Lambang Kabupaten Sidoarjo, yang memuat berbagai simbol dan makna, mencerminkan kekayaan alam serta nilai-nilai budaya yang ada di daerah tersebut. Bentuk segilima beraturan pada lambang ini melambangkan komitmen masyarakat Sidoarjo terhadap Pancasila, sebagai dasar negara yang mereka amalkan dalam kehidupan sehari-hari.
Baca: Jejak Sejarah Pasuruan: Dari Kerajaan Kalingga hingga Kemerdekaan
Sementara itu, bintang bersudut lima mengingatkan kita pada keyakinan masyarakat Sidoarjo yang teguh dalam agama dan ke-Tuhan-an. Adapun setangkai padi dengan 18 butir serta sebatang tebu dengan lima ruas mewakili hasil bumi yang melimpah di Sidoarjo, terutama sektor pertanian dan perikanan yang terus berkembang.
Jumlah 18 butir padi tersebut mengingatkan kita pada jumlah kecamatan yang tersebar di kabupaten ini, sebagai simbol pemerataan dan pembangunan yang terus berlanjut.
Gambar ikan udang dan ikan bandeng yang membentuk huruf “S” menjadi identitas kuat Kabupaten Sidoarjo, mengingatkan kita pada sektor tambak yang sangat berkembang di daerah ini. Lambang ini bukan hanya sebuah desain visual, tetapi juga mengisahkan potensi besar Sidoarjo di bidang perikanan yang menjadi andalan perekonomian daerah.
Warna-warna pada lambang ini pun memiliki makna mendalam. Biru laut melambangkan keberadaan air yang mengelilingi wilayah Sidoarjo, yang dulunya dikenal sebagai “Delta Brantas”, sementara hijau menggambarkan kesuburan tanah yang terletak di wilayah Delta Brantas.
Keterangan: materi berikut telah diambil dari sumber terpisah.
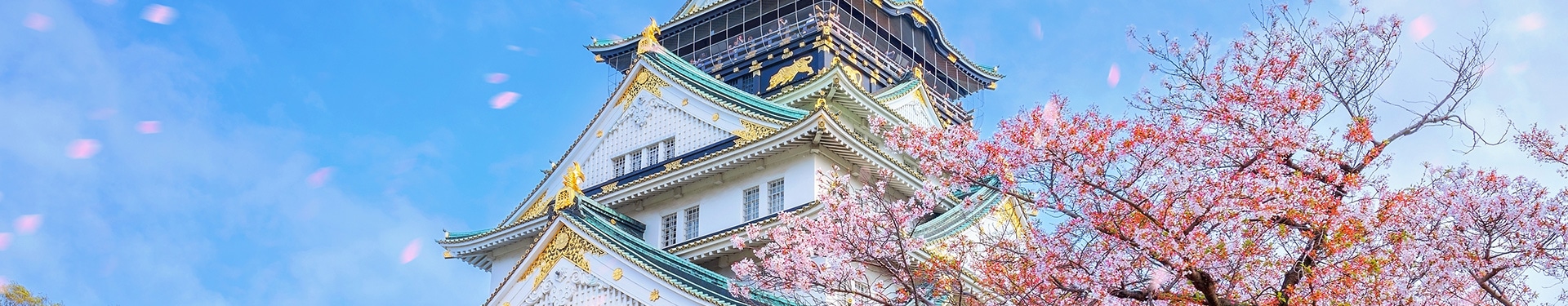 Osaka, Kioto, Tokio, Phuket y Phi Phi
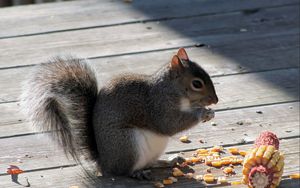 Preview wallpaper squirrel, corn, food, shade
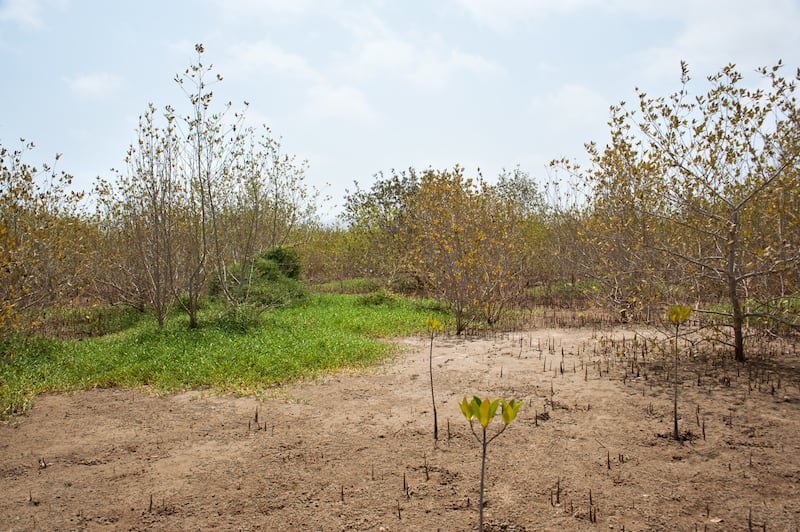 لها سمات تميزها: ماذا تعرف عن أشجار القرم في السلطنة؟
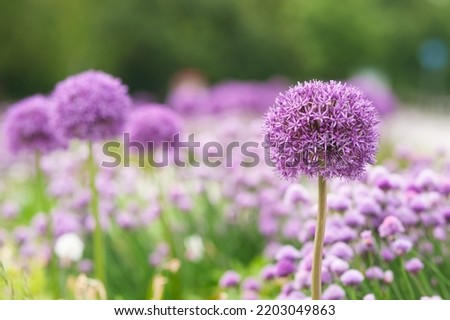 Beautiful giant onion flower on blurred background, closeup. Space for text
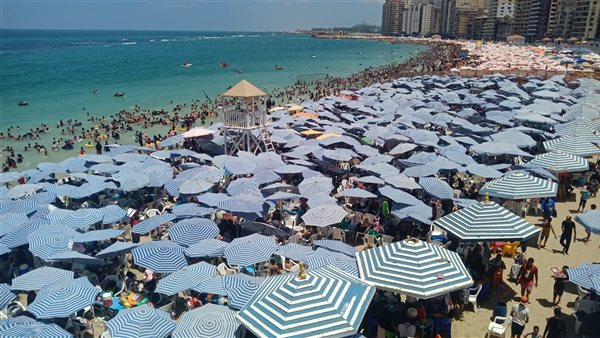 شواطئ الإسكندرية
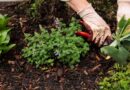 AI, Robots, and Jobs: Why Gardeners Might Nonetheless Be Secure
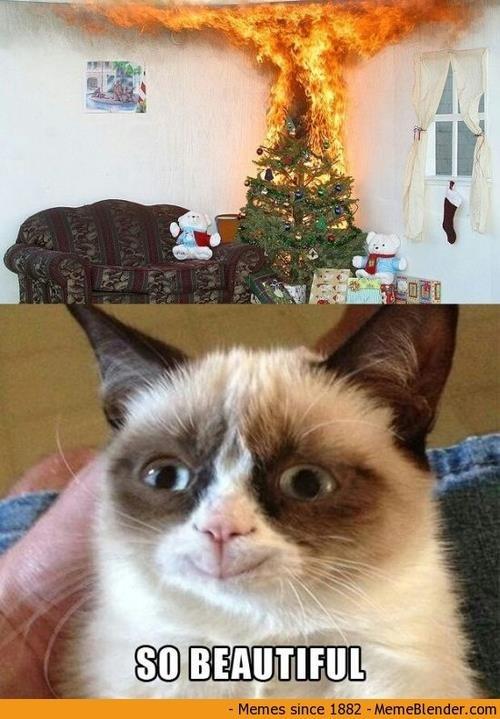  Autors: TheOne Grumpy cat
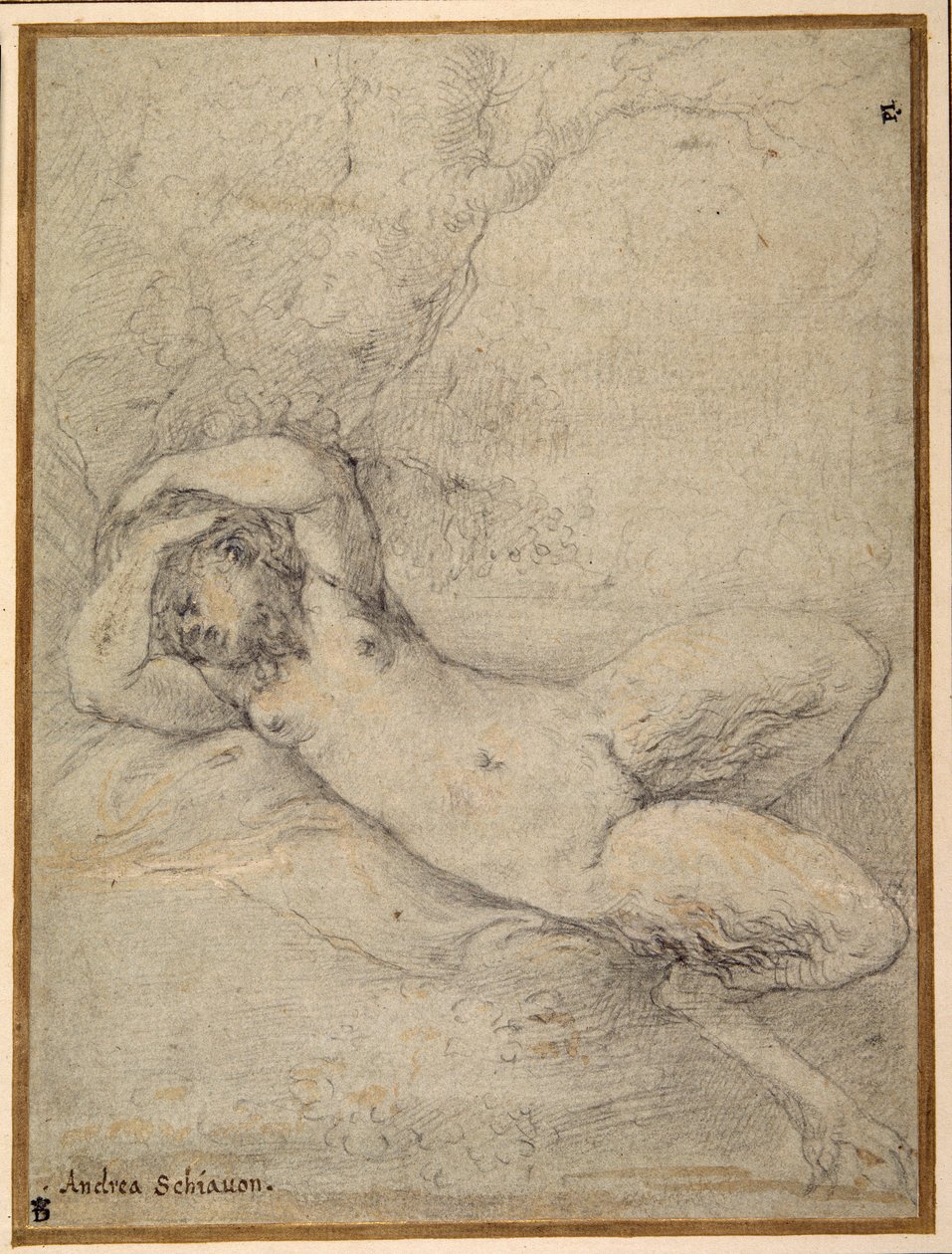 En satyrinna som sover under ett träd (svart krita med förhöjning i vit kroppsfärg på carta azzurra) av Parmigianino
Warna kuning pada padi dan tebu melambangkan kesejahteraan yang menjadi tujuan bersama, sedangkan warna hitam pada tulisan dan elemen lainnya menggambarkan keteguhan iman masyarakat Sidoarjo yang tak tergoyahkan.
Kemudian warna abu-abu pada ikan udang dan bandeng memberi kesan elegan, sekaligus mengingatkan pada nilai tradisional yang tetap terjaga dalam perkembangan zaman.
Dengan segala sejarah, simbol, dan makna yang terkandung di dalamnya, Kabupaten Sidoarjo tidak hanya dikenal sebagai wilayah yang subur dan kaya, tetapi juga sebagai tempat di mana tradisi dan modernitas bersatu, membentuk identitas yang kuat dan berdiri kokoh hingga hari ini.